TORONTO — Wednesday, Washington Capitals coach Barry Trotz tinkered with the lineups of his bottom-six forwards. He wanted Tom Wilson skating on the third line with Andre Burakovsky and Lars Eller, so he swapped Wilson with Brett Connolly, who moved down to the fourth line.
Why? Trotz thought Wilson could bring more production to the third line.
Wilson responded Wednesday night with a pair of goals to push the Capitals past the Toronto Maple Leafs 5-4, tying the best-of-seven first round series, 2-2.
“He’s Tom Wilson. Everybody knows who Tom Wilson is. That’s what he brings,” Trotz said Wednesday after the new lines took the ice for the team’s morning skate.
Everybody here does know Wilson, who grew up in Toronto. No one, not here or in Washington, had ever seen him do what he did in the first period of Game 4 at Air Canada Centre.
First, Wilson made a diving save to stop a puck from rolling into the net. Capitals goaltender Braden Holtby had settled it, but the puck slipped under his pads where only Wilson could see it.
“Those plays kinda go into slow-mo,” Wilson said. “I could see it on his pants and knew with the shape of the puck it’s going to fall down.”
On the same shift, Wilson scored on a play from Eller and Dmitry Orlov. He wasn’t done yet. His next shift on the ice, Wilson scored again on a rush with Burakovsky. The first two-goal game of his career came in the playoffs, against his hometown team in a pivotal game that put the Capitals back into the thick of a surprisingly tight first-round series.
“When you’re a kid you always have big dreams,” Wilson said. “I was lucky enough to fulfill them. It’s a huge privilege. There’s a lot of guys that work hard to get to this level and if you get a chance to play an NHL game it’s special. A playoff game? Even better.”
Instead of being tied at two in the first period Wednesday, the Capitals, thanks to Wilson’s heroics and early goals from Alex Ovechkin and T.J. Oshie, were leading 4-1. It turned out to be just enough of a cushion to allow the Capitals to escape Canada with a win.

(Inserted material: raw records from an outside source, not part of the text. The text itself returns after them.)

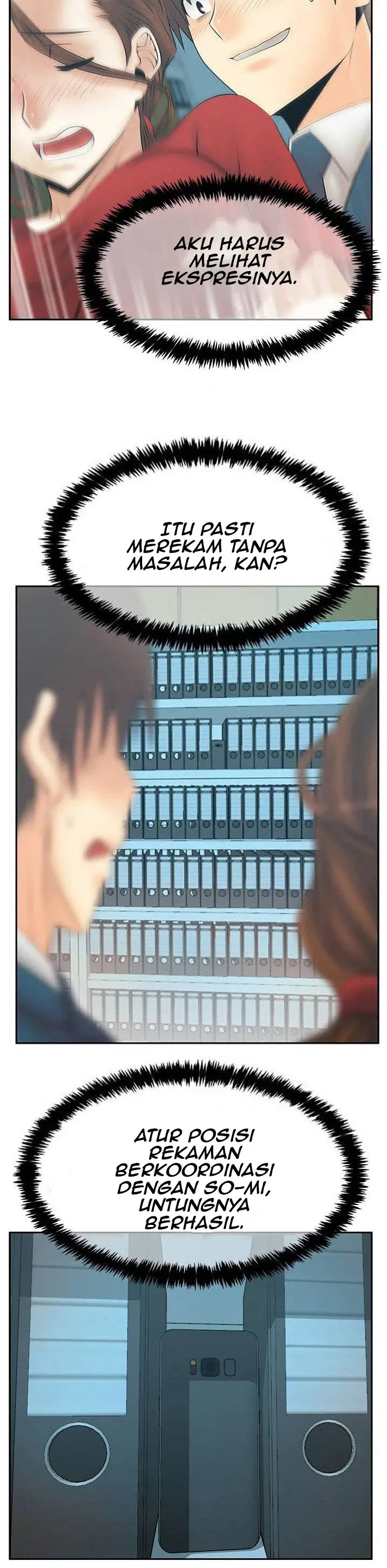 image-komik-my-office-ladies-chapter-85-8/27
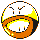 electrode (2).png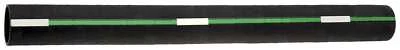 Manguera de refrigerante del radiador se adapta a 1988-1995 blanco/GMC WX WCA, WCM, WIA WXLL PUERTAS Foto 1 de 2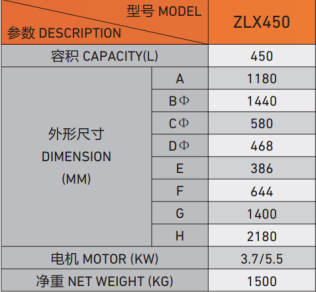 1773294686779003.gif 1773294686779003.gif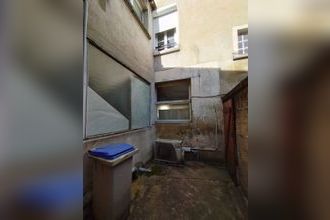 Ma-Cabane - Vente Local commercial SAINT-CALAIS, 35 m²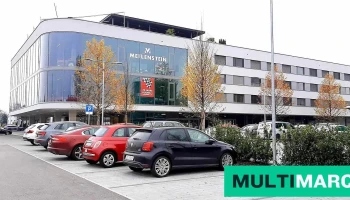 Bösiger Motorsport Ag - Langenthal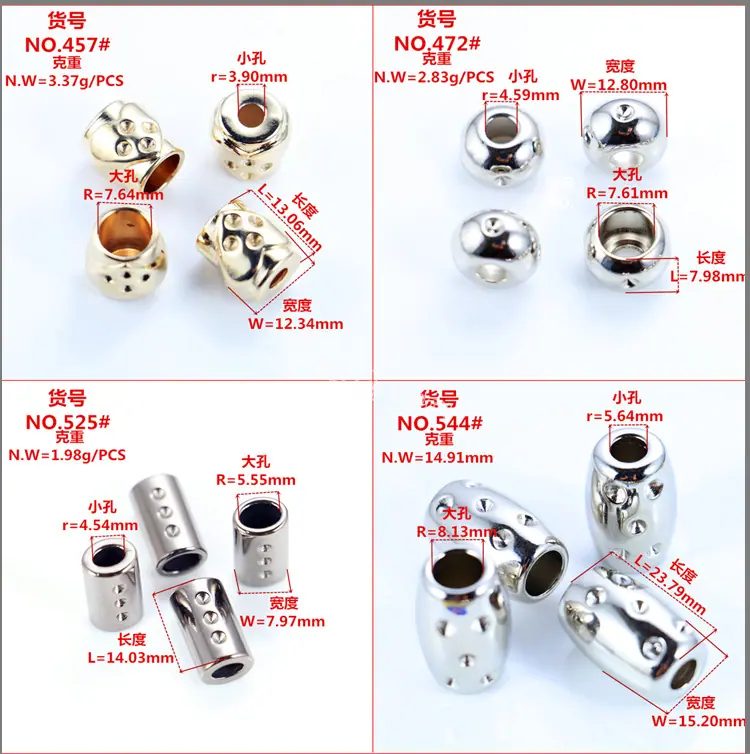 KE10201#详情页_10.jpg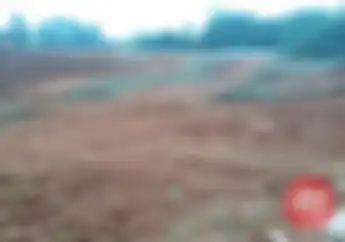Kejurnas Motocross Putaran 5 Akan Digelar Di Sirkuit GR Ciamis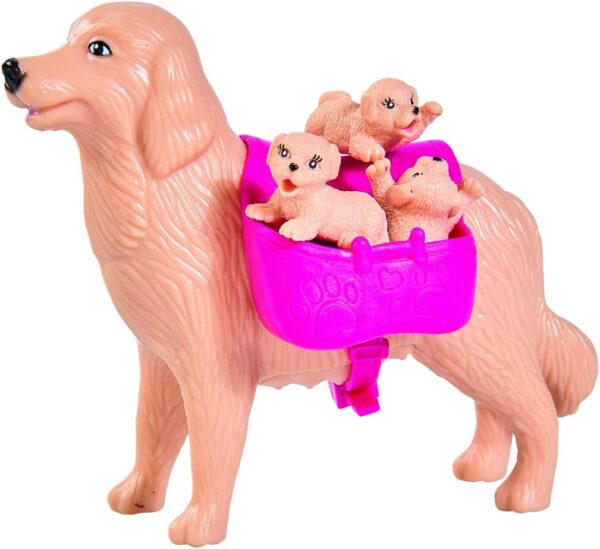 Evi Love Dog Sitter - Image 3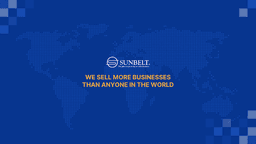 Sunbelt Business Brokers of Des Moines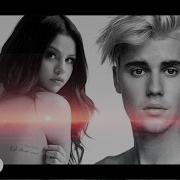 Justin Bieber Selena Gomez Mix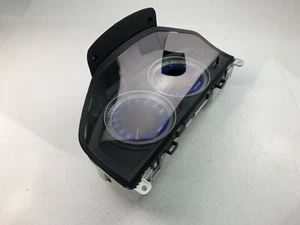 GR3509 VOLVO Speedometer 31343495AA - Picture 1 of 5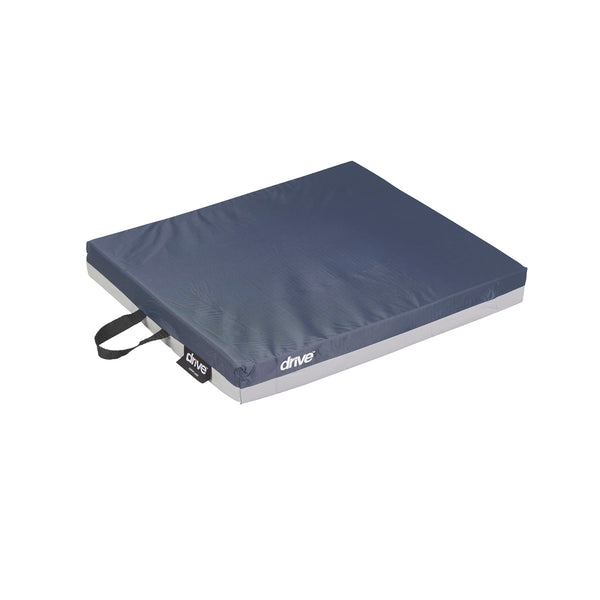 Drive RTLAGF-300 Swivel Padded Seat Cushion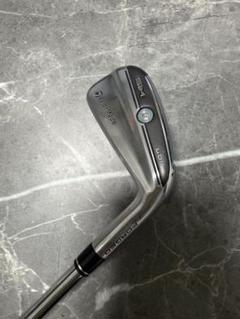 TaylorMade - 美品 テーラーメイド SIM UDI FORGED 2番単品メンズゴルフクラブ 71-wwxtv2PL._UF350,350_QL50_.jpg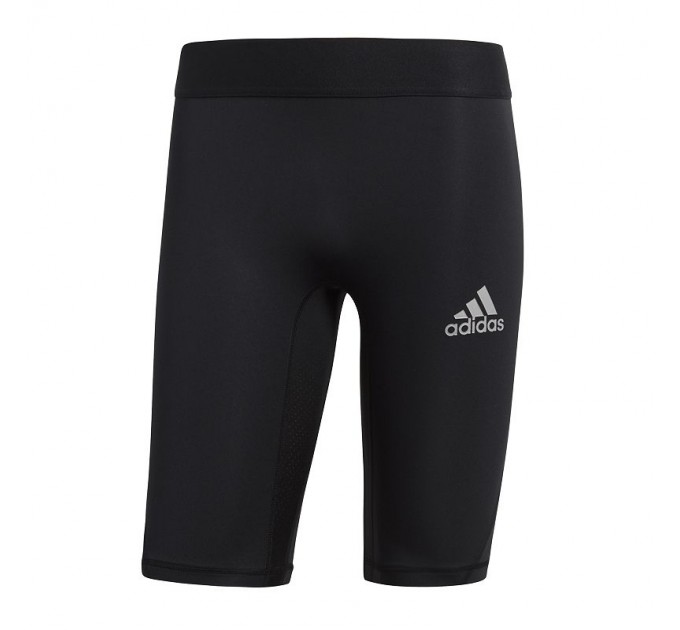 adidas Baselayer AlphaSkin Shorty 456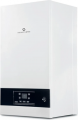Newatherm Triton 28 resim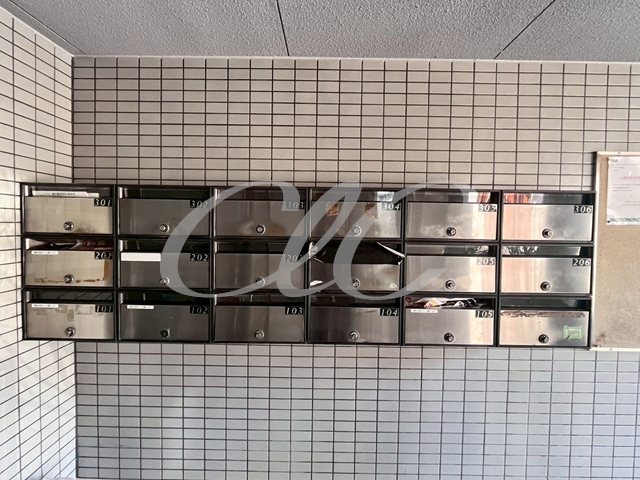 グリーンプラザ西綾瀬 その他7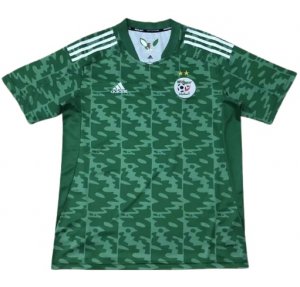 Shirt Argelia Away 2020/21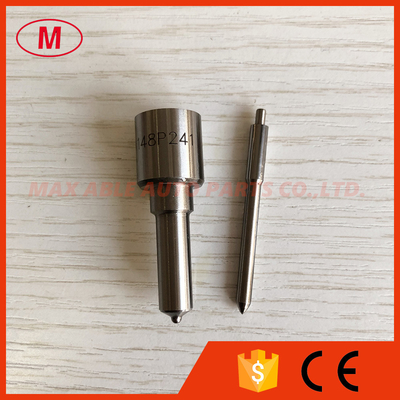 DLLA148P241 0 433 171 195 nozzle/fuel injector nozzle/ diesle injector nozzle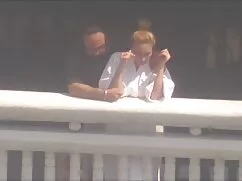 A gyermek, aki sován ...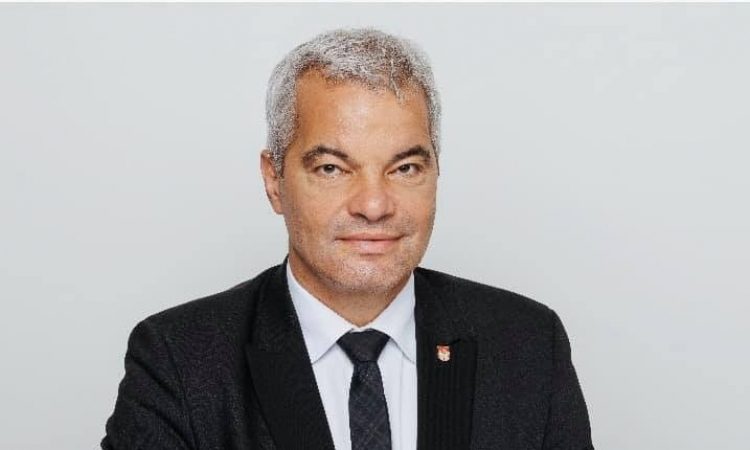 Županske volitve: Kandidati v Mariboru izpostavljajo skrb za vse dele mesta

With the early 4-1 lead, the Capitals were threatening to have a statement game like the San Jose Sharks, another veteran team backed into a corner, had put together the night before in a 7-0 rout of the Oilers. The Capitals, though, figured the Leafs would put up more of a fight.
“It’s very rare when you see a team waltz their way all the way to the Stanley Cup. It doesn’t happen,” Justin Williams said. “And if it does, it’s very few and far between. You go through adversity on your way there. I’ve been on a couple of championship teams down 0-2, down 0-3, so you rally around it. There’s a lot of times during the playoffs where you need to man up and win a game and the pressure is on. This is one of them, obviously.”
Williams was right. The Capitals got the win they needed to return to D.C. with home ice but, as has been the case in every game this series, the margin of victory was a single goal.
Every time the Capitals started to pull away, the Leafs scored. Just after Ovechkin made it 2-0 with another vintage strike from the left circle, Zach Hyman cut the lead in half.
After Wilson dominated the first period, the Leafs pulled back in the second.
Nicklas Backstrom went to the box for holding the stick and James van Riemsdyk scored from the right circle to make it 4-2 early in the period.
Then, Eller and Brooks Orpik both took penalties within the last 10 seconds of the second period, forcing the Capitals to kill 1:54 of a 5-on-3 to start the third. The Capitals were outshooting the Leafs 24-15 at the second intermission but the penalty kill was shaping up to be a pivotal moment.
The Leafs pressured the whole way but Holtby was sharp and the Capitals killed it off cleanly. The kill swung momentum in Washington’s favor for a few minutes but still, the Leafs wouldn’t stay down. Auston Matthews scored for the second-straight game after 12 minutes in the third, making it a one-goal game again.
Oshie countered with his second goal, taking advantage of a poor defensive shift from Matthews, which put the Capitals up by two again until Tyler Bozak scored with 25 seconds left to give the game its final tally.
The Capitals and Leafs will play Game 5 at Verizon Center Friday night. If it’s anything like the first four, it’ll be a close one.